Macrophages play an important role in effective innate and adaptive immune responses (Rooijen and Annemarie Sanders, 1997). Cytokines, such as IL-6 and TNF-α, are produced in activated macrophages and critically regulate the immune response (Cheng et al., 2008). The measurement of cytokine production is one method for evaluating the enhancement of innate immunity (Yu et al., 2013). Firstly, we investigated whether VS could stimulate macrophage activity and consequently regulate cytokine production. BMDMs were treated with various doses of VS in the range of 0.1–10 mg/mL for 24 h, and the cytokines in the culture supernatants were quantified by ELISA. LPS, an outer membrane component of Gram-negative bacteria, was used as a positive control because it is known to activate a number of cellular signals in macrophages (Guha and Mackman, 2001). We found that the cytokine production in BMDMs incubated with VS was significantly enhanced (Fig. 1).
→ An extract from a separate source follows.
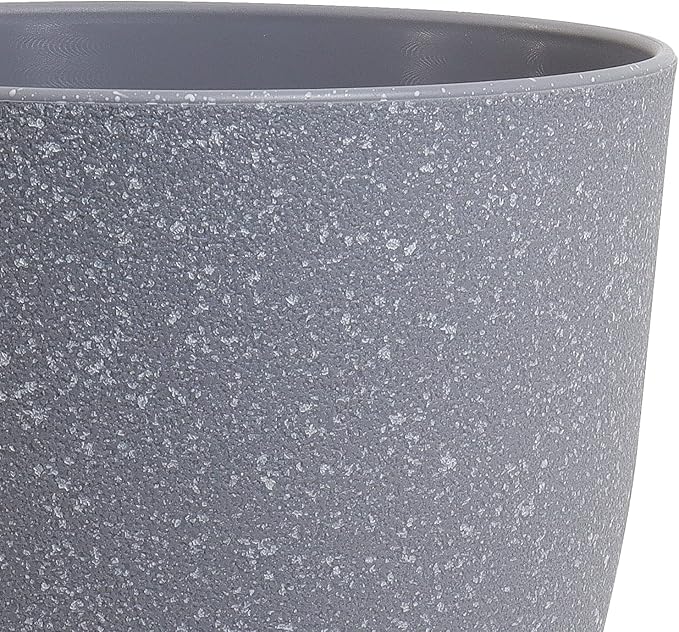 WOUSIWER Plant Pots 10/9/8 inch Set of 3 Modern Decorative Plastic Planters with Drainage Holes and Saucers for House Plants Indoor Flowers Plants Grey Speckles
The levels of IL-6 and TNF-α increased progressively with the increase in the concentration of VS (ranging from 0.1 to 3 mg/mL). However, above 3 mg/mL, cytokine production no longer increased; rather, a slight decrease was observed at 10 mg/mL VS. This indicated that there was a limit to the stimulation of macrophage activity by VS and that additive substances should be identified to enhance the VS-stimulated immune response in macrophages.

Fig. 1

Effect of VS on cytokine production in macrophages. BMDMs were treated with various doses of VS in the range of 0.1–10 mg/mL for 24 h. The levels of IL-6 (A) and TNF-α (B) in the culture supernatants were determined by ELISA. LPS (100 ng/mL) was used as the positive control. All values are represented as the mean ± standard deviation of triplicate experiments. Different letters indicate statistically significant difference (p < 0.05)
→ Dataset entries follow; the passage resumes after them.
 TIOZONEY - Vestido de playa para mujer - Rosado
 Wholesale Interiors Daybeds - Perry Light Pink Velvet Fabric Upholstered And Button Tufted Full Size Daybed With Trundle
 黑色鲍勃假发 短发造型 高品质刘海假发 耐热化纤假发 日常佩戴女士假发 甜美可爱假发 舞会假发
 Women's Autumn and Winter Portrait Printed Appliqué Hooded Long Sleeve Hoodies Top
VS is a complex extract consisting of five ingredients: radish roots and leaves, carrot roots, burdock roots, and shiitake mushrooms. It was wondered which ingredients in VS could enhance the immune response of macrophages. BMDMs were incubated with 1 mg/mL individual ingredients of VS for 24 h, and the cytokines in the culture supernatants were quantified by ELISA. While the cytokine production was considerably enhanced by VS, the ingredients had little effect on macrophages (Fig. S1). In recent studies, the oligo- or poly-saccharides isolated from burdock roots, carrot roots, and shiitake mushrooms have shown the immunomodulatory activities in immune cells (Morales et al., 2020; Sun et al., 2020; Zhang et al., 2019). It was suggested that the compounds of VS induced the immune response and that their combination synergistically improved the response of macrophages.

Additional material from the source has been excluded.